Ok - although you can use it, to produce single-icons, step-by-step (as wont from other Icon-Editors) -
the App is especially strong in changing a "complete set of icons" - as e.g. "everything you have in a ToolBar" like:
- changing a "blueish" set of icons (which you can store in a template in the Design-Views Layer-List) - to a "reddish one"
- or changing the "framing" or some overlays on a given set, to a different framing- or overlay-effect

This way you can influence and export the same set of "base-images" into e.g. different Resource-Subfolders,
which then hold the different "states" of your Toolbar-iconset (hovered, focused, pressed, disabled, etc.).

Or you can produce "changed, differently colored sets", in case you introduce a lighter or darker background in your App
(to achieve better contrasts of the re-exported set on the changed background-theme).

The video-link I posted further above contains a few movies, which show the needed steps for that.




> On left side, the item text alignment is not proper in the list.


Thanks for testing Dave - could you upload a ScreenShot of where you discovered the issue? 

Olaf

----------


## Schmidt

> Strange behavior in export tab, please note File will expire in 23 hours ...


Ok, now there's a "very stubborn User, not following instructions"...  :Wink: 

More seriously, you're right - the behaviour is not optimal as it is currently.

The upcoming Settings-Frame (which reflects its Parts back into the resulting Filename on the left),
should have been initialized with the 'Name'-part (which came before '_' in the Filename-Label) - 
this way all the nerving MessageBoxes could have been avoided.

The issue is duly noted, thanks for catching that.

Olaf

----------


## pekko

> Ok, now there's a "very stubborn User, not following instructions"...


I thought that you would like to know all mistakes you have done.  :Frown: 





> this way all the nerving MessageBoxes could have been avoided.


And you mean ALL MessageBoxes.
https://dropfile.to/YRHnkgR


You have invented self closing MessageBox.  :big yellow: 
https://dropfile.to/W7V7mWX

----------


## Schmidt

> I thought that you would like to know all mistakes you have done.


Never indicated otherwise IMO...

Who wouldn't want to know about "all the mistakes he's ever made" 
(of course restricted to ones Application, which is out for review)...  :Wink: 

If you're still motivated enough to massage a few more out of the poor colibri  :Wink:  - keep them coming...

Olaf

----------


## pekko

With minimum size 1024x720 you can't use color picker tool.

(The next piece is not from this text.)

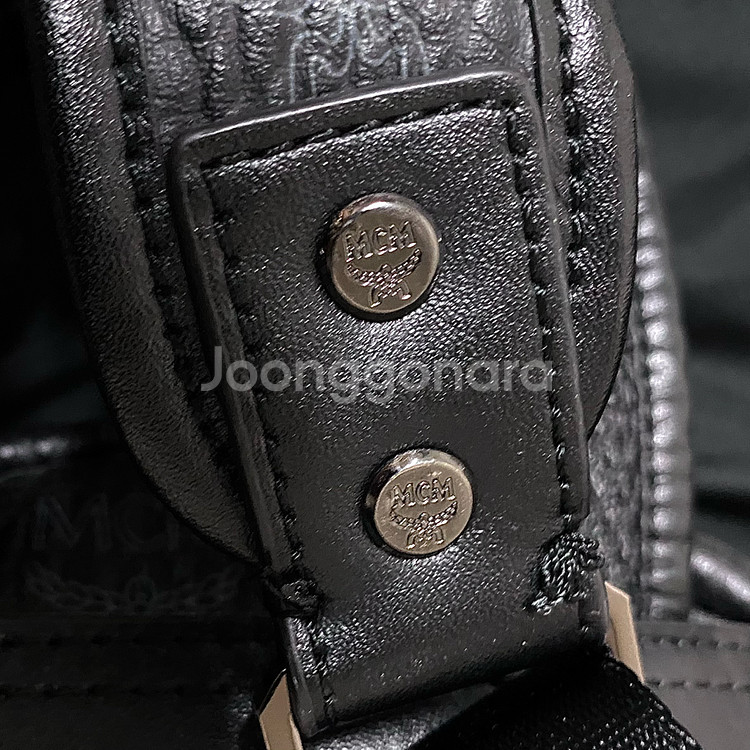 [정품] MCM 비세토스 스터드 장식 스타크 엠씨엠 백--6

Look what happen when I double click "Arrow_Previous" => "Arrow_Refresh" is added to list.
That same double click issue happens also in icon selection tab.
https://dropfile.to/xS38CuW


Other issue in icon selection tab.
Normal mouse click without shift or anything else.
https://dropfile.to/B8MgvUm


and a few other in queue...

----------


## Schmidt

> With minimum size 1024x720 you can't use color picker tool.


Yep, the minimum supported ScreenSize for the App is 1024x768 currently - I guess we should lower that 
to 1024x720 (because there's still a few older 'NetBooks' out there with a 1280x720 screen-res).




> Look what happen when I double click "Arrow_Previous" => "Arrow_Refresh" is added to list.
> That same double click issue happens also in icon selection tab.
> 
> Other issue in icon selection tab.
> Normal mouse click without shift or anything else.


Thanks, yes both are related to the "scroll into view"  behaviour of the VList-Widget, in case of a "partially shown row at the  bottom".
(the VList will need to "block other Mouse-Actions" whilst this "scrolling into view" takes place).

Olaf

----------


## pekko

http://colibrico.de/en/eula.htm

Licensing
If you purchased a license for commercial usage, you are allowed to use the software and the graphics for commercial usage as well.

Restrictions
The licensee is not entitled to distribute graphics that come with Colibrico, be it in the original or an altered form.

?????

----------


## Schmidt

Ok, seems there was a glitch in the english translation - the intent the appropriate paragraph was
trying to express is, that "distributing or selling *only* the produced graphics" shall not be allowed.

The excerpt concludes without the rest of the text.